George Gillespie, according to Principal John Macleod, was “one of the mighties of his age which was so fertile in massive heroic figures in the field of evangelical Christian theology.” 51 His brief ministry stamped an indelible impress on the Westminster Confession of Faith, particularly those chapters dealing with ecclesiology. More was wrought by him in eleven years, for the good of the Reformed churches, than most men accomplish in a lifetime. Gillespie seems to have been unknown until 1637 when, at just twenty-four years of age, his book, A Dispute Against the English Popish Ceremonies, burst like a bombshell on the Scottish ecclesiastical scene. The subject he dealt with was the burning question of the hour, and his treatment of it brought him, in one bound, to the forefront of the polemic divines of his age. William M. Hetherington, the editor of his collected works, observes, “his first work . . . dazzled and astonished his countrymen by the rare combination it displayed of learning and genius of the highest order.” 52 From then until his death, Gillespie held an undisputed position of authority among the distinguished band of men, led by Alexander Henderson, who delivered the Scottish Church from the grip of prelacy. The true significance of Gillespie’s Dispute Against the English Popish Ceremonies will only be fully appreciated when it is seen against the background of the struggles of the Scottish Church in the years following the death of John Knox in 1572, and the part Gillespie’s family played in that contest.

I

At the Reformation, the Scottish Church contended chiefly for the honor of Christ in His priestly and prophetic offices, against the corruptions of the papacy. Soon after the Reformation she would be called upon to struggle for the glory of Christ’s office as King of Zion, against the encroachments of both the civil power and prelatic ambition. Even before the death of Knox an attempt had been made to alter her form of government. In 1572 a convention of superintendents and other ministers met and, through the influence of Regent Morton, were induced to consent to the retention of the titles Archbishop and Bishop and to the advancement to these positions of qualified persons from the ministerial ranks. The 1572 General Assembly condemned the innovation. The Regent’s object in restoring the Episcopal offices was, by means of a private bargain with the Prelate, to divert ecclesiastical revenues to himself and other noblemen.

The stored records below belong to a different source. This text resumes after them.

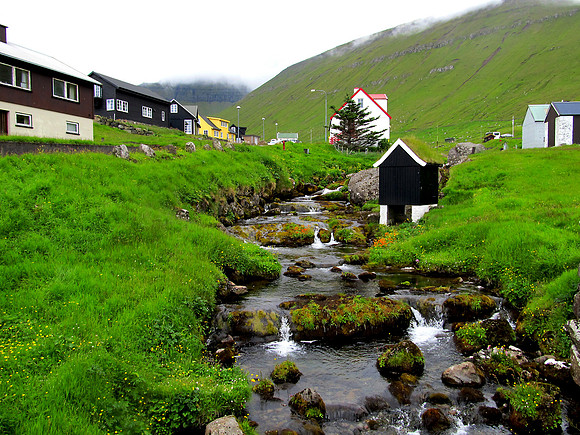 Faroe Islands - Torshavn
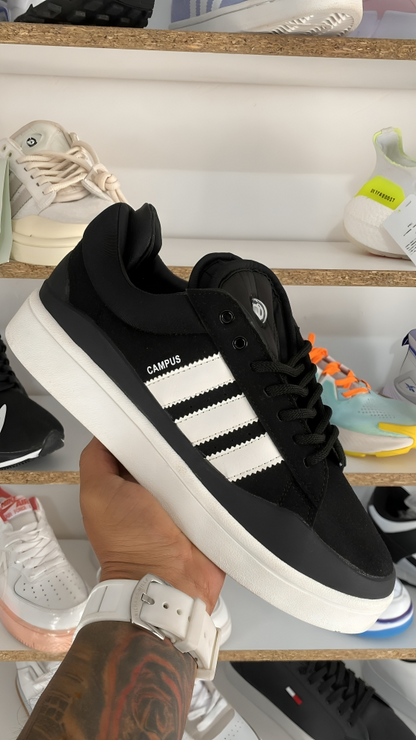 ADIDAS CAMPUS BLACK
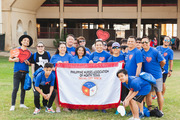 This group of nurses and their loved ones stay focused on heart health.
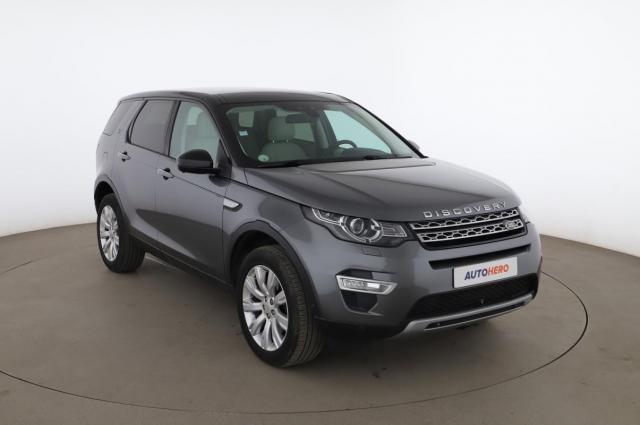 Land Rover Discovery Sport image 4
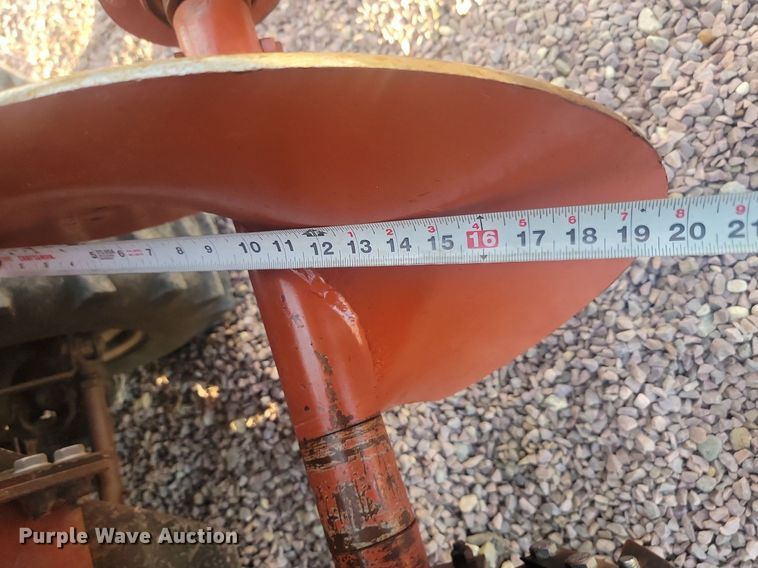 image for item JG9698 2018 Ditch Witch RT45  trencher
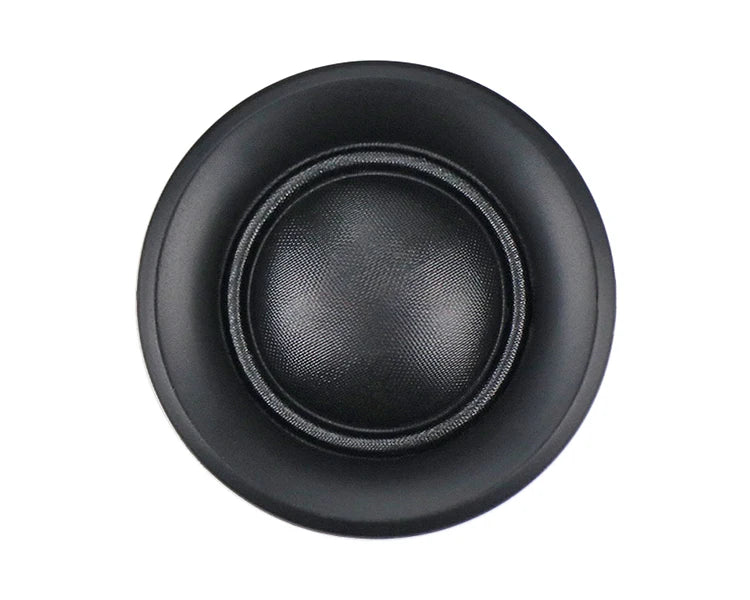 GHXAMP 20 Core 1.5 inch Tweeter Car Speaker Units 4OHM 10W Silk Diaphragm Dome Loudspeaker Neodymium Treble Head 89DB 2PCS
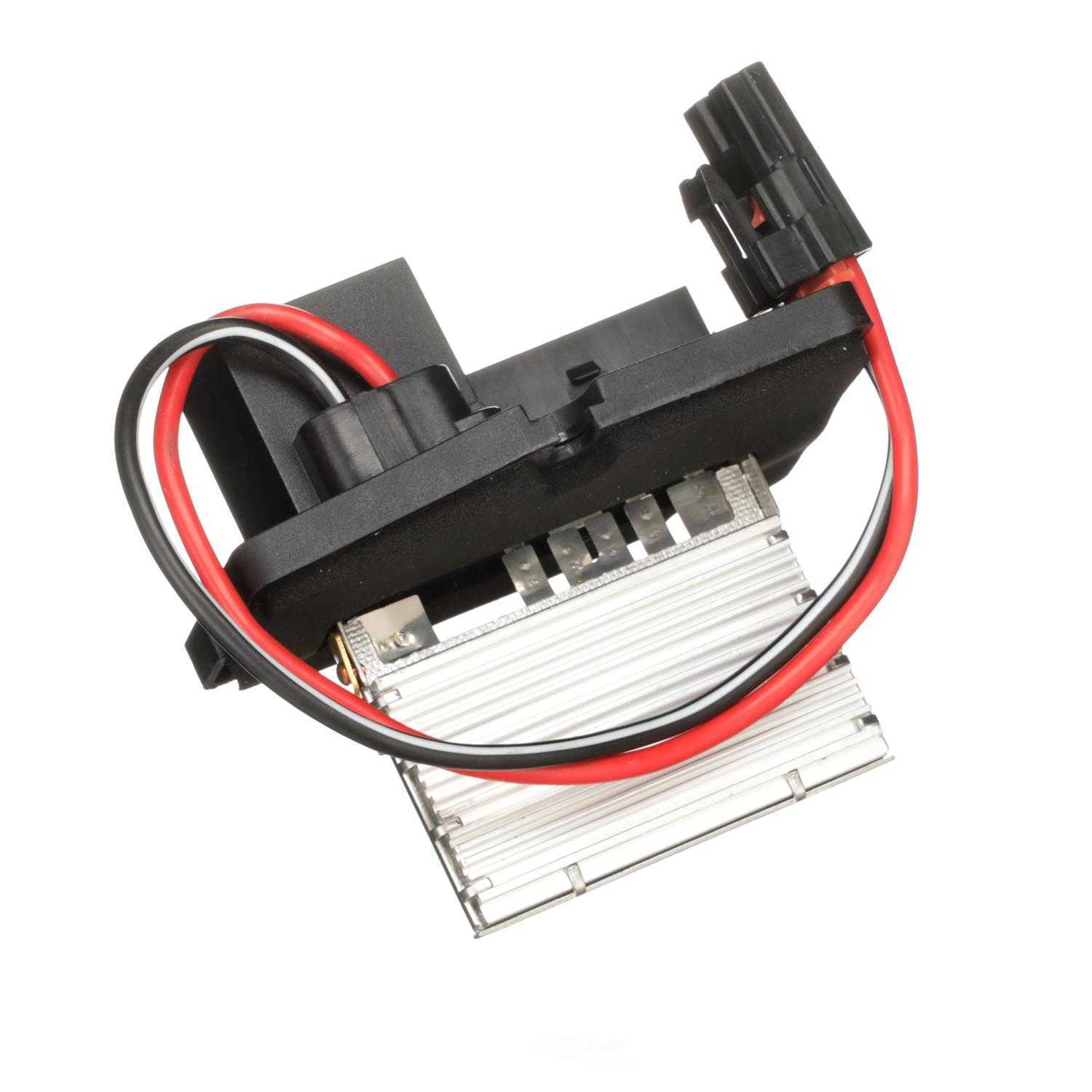STANDARD MOTOR PRODUCTS - HVAC Blower Motor Resistor - STA RU-50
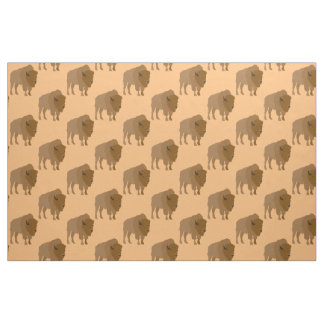 Tissu Buffalo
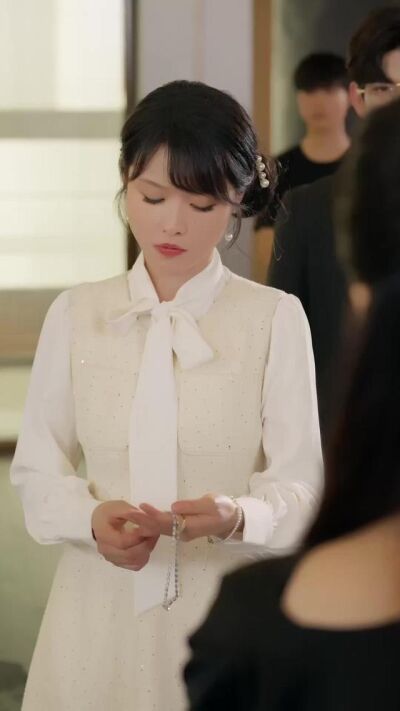 《报告纪总，少夫人她竟是戏精人形测谎仪》剧照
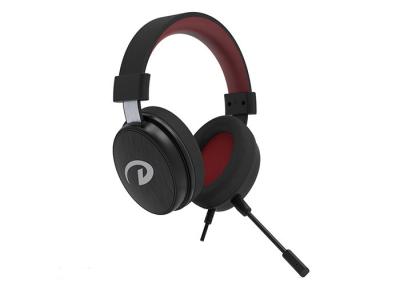 China 40mm Speaker Wired 3.5 Plug Ps4 Ps5 Gaming Headset for sale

The men who accepted Bishoprics under such a disgraceful pact were derisively dubbed “Tulchan Bishops;” a tulchan was a calf’s skin stuffed with straw which the country people set beside the cow to induce her to give her milk more freely. “The Bishop,” it was said, “had the title, but my Lord had the milk.” These nominal Bishops had neither episcopal ordination nor any share in the government of the church. Their sole object was to deliver up the ecclesiastical revenues to the nobility. The introduction of these nominal prelates not only threatened the future peace of the church, but gave rise to the confusion which saddened the last hours of John Knox, whose dying voice was raised in opposition to the innovation.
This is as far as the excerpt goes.